LOWELL, C. J. The language of the law (Rev. St. § 5075) is relied on by the assignees, and does seem very explicit, that a secured creditor shall not prove any part of his debt unless he has either delivered up his security altogether, or agreed upon its value with the assignees, or ascertained such value by a sale, under the order of the district court. In this district it has been considered that this section, intended for the protection of the general creditors, was not 897 absolutely restrictive, and that when an advantageous sale had been made, in entire good faith, there was power in the court to confirm the sale afterwards as if it had been previously authorized. An unreported case of this sort, decided many years ago, was brought to our notice by counsel. Two cases may be cited from other circuits which follow the same line of decision: Lee v. Franklin Savings Inst. 3 N. B. R. 218; Re Moller, 8 Ben. 526, affirmed 14 Blatchf. 207. In the judgment of affirmance the late able circuit judge of the second circuit says: “The statute is not model in its provisions, but substantial.” So Judge Hoffman once said that the bankrupt act is not intended to be a practice act. The case in New York was stronger for the creditor than this case, but it decided that a literal compliance with the statute was not necessary. It must be held to modify, to some extent, the very general and sweeping language used in a decision in the same circuit in Re Herrick, 17 N. B. R. 335.

In the present case there appeared to the secured creditors to be an opportunity to realize a considerable sum from a security absolutely worthless, and they had no good reason to believe that it would last. If the district court had been applied to, and had chosen to act at all while the case was before the circuit court, it would undoubtedly have permitted the sale. We think it doubtful, however, whether either the court or the assignees would have taken the responsibility of acting; for not only was it uncertain whether the railroad company could be made bankrupt, but also which of three courts would have the settlement of the case.

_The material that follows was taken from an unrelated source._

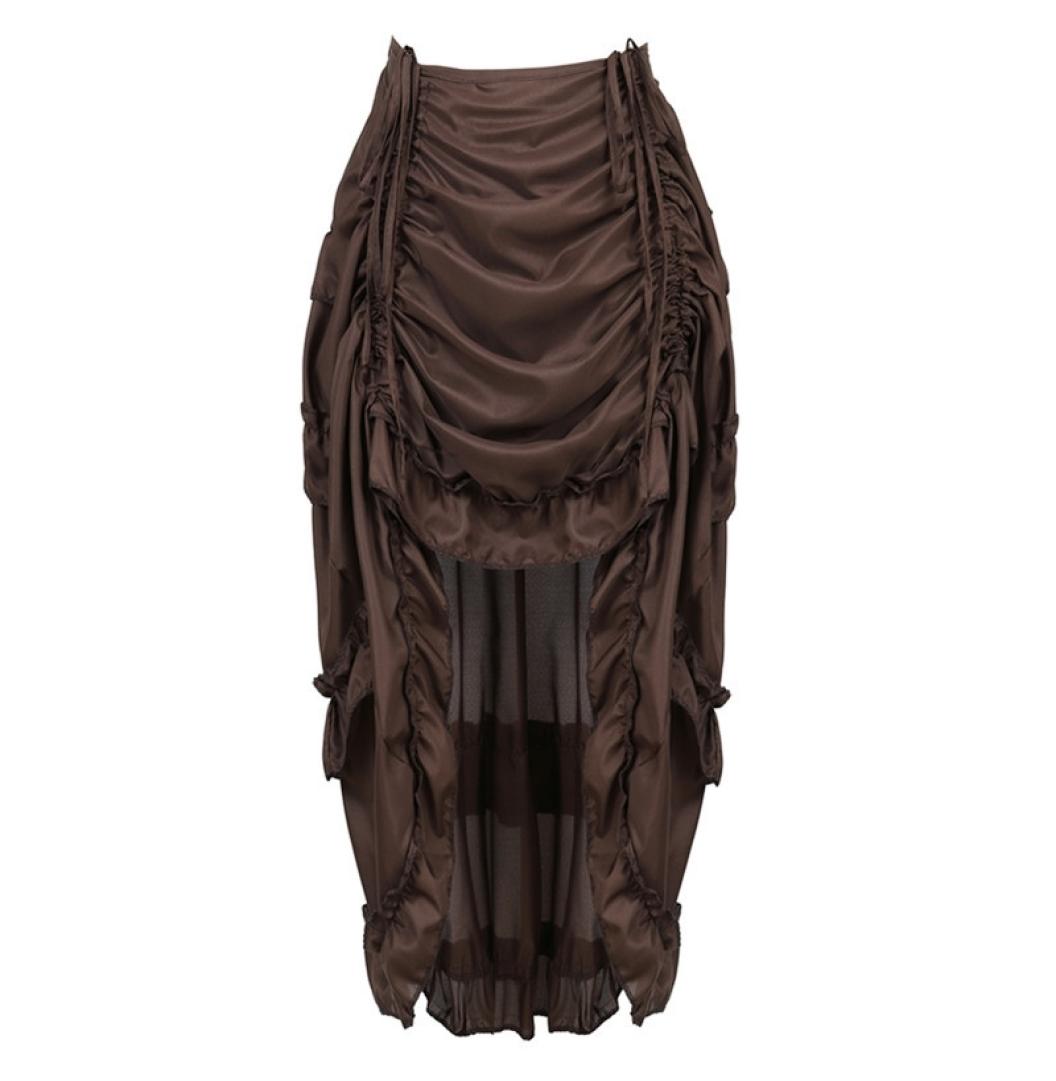 

Women039s Steampunk Skirt Vintage Gothic Skirt Ruffles Pirate Skirt Plus Size Pirate Costume Multi Color High Low Dancing Outfi7706835, Black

Besides, the statute contemplates that the assignees will be appointed speedily, and it would appear from the context of section 5075 that a sale is to be ordered by the court only when the assignees and the creditor cannot agree. This is Judge Wallace's opinion, as expressed in Re Herrick, 17 N. B. R. 335. The case of a necessity for a sale before the assignees are qualified and acting, appears to be a case omitted from this section of the statute; so that if the court at such a time should order a sale, which we have no doubt of its power to do, yet such a sale would not be a sale within the 898 terms of section 5075, and therefore the remainder of the debt could not be proved, if this provision has the positive quality which is ascribed to it. Yet there are cases in which it is of the greatest importance for all parties that a sale should be made at such a time. See Re Grinnell, 9 N. B. R. 137.

The secured creditor, after all, has the most direct and vital interest in the security, and is the principal sufferer if an opportunity for realizing it is lost. These creditors were in a difficult position, and having exercised in good faith their best discretion, at a time concerning which this section of the statute is silent, and having realized a considerable sum, which at the time seemed to be a clear gain from an utterly worthless security, we are of opinion that the district judge had the power, and has well exercised it, of confirming the sale as if made after the confirmation of the assignees, and by previous authority, and that the proof for the remainder of the debt should be allowed; and it is so ordered.